Amazon S3 getting attention, ROI analysis underway

I’ve been following the online data storage market very carefully, (having worked at a data storage company for 3 years)

The new model of web companies is to minimize technical infrastructure, such as using webservices like a utility like power or water.

Tim O’Reilly is asking for numbers from clients, a case study to show how the web is an infrastructure. The benefits? pay as you go, no need for a sys admin or HW purchase, no upgrading, and hopefully no data loss. Of course, the real risk is worrying about where your corporate data is, Jeff Nolan notes some issues with continuity with databases and storage.

Amazon is not alone, I’ve a list of quite a few enterprise IT vendors that are also entering the online data storage industry, so please don’t forget those companies (who already have a large install base)

The big picture for Online Data storage is the opportunity for effective marketing, (there are other opportunites and disruptions to think about as well). When user data is stored on the cloud, the opportunity to understand, organize, and connect information is at hand. This is why I have the theory that Amazon S3 will eventually pay users (or other online data storage users) to upload data.

  • Jeff Maaks

    Hi Jeremiah,

    Some personal thoughts on Online Data Storage, with usual disclaimer about this not representing my current employer…and yours prior. 🙂

    I think we’ll start to see a 2-tier storage model appear, whereby one purchases a local storage array for high-performance access, and/or for rapid recovery capability (like a solution near to my heart, HDS’ SplitSecond), then utilizes S3 for off-site backup purposes.

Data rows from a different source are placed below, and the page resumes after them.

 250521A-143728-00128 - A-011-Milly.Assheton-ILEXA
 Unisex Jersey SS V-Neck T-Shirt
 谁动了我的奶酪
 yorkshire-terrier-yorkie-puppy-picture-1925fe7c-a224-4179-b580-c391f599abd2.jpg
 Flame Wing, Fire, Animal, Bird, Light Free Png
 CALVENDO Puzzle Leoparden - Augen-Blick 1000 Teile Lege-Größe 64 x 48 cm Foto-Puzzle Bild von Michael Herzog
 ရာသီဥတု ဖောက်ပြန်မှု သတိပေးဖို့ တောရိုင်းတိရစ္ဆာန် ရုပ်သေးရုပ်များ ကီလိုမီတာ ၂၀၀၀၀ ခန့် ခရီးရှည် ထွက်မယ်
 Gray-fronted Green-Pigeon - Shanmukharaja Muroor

Wouldn’t it even be slick if these storage solutions came S3-aware out of the box?

    Data de-duplication across users will become ever more important for storage providers as well as for the users themselves. Think: does your online storage provider need to store “x” copies of that Pink Floyd album you ripped to MP3s? Or couldn’t they just have their client app generate a hash and see if the file was already in the cloud from some other user? Benefit for the user: no actual file transfer would have to take place (storage provider just ack’s the backup and simply transfers the file metadata) and therefore bandwidth and time saved.

    Anyway, just some thoughts from someone that wishes this solution existed today for my own personal backup strategy.


  • Cloud based storage has such great potential, but I suspect the realization of it is still a long way off.

    From an enterprise perspective, there’s always going to be the security issue, and the latency inherent in the cloud causes real problems with time sensitive data. Most of the protocols used in todays apps aren’t optimized for WAN access, so it would be interesting to see how they handled a cloud based storage system.

    Jeff’s 2-tier approach seems to make sense, backup isn’t time sensitive, so it would make sense to push that out. But I’d be interested to see case studies of how it’s being used today.


  • Thanks gents for this info.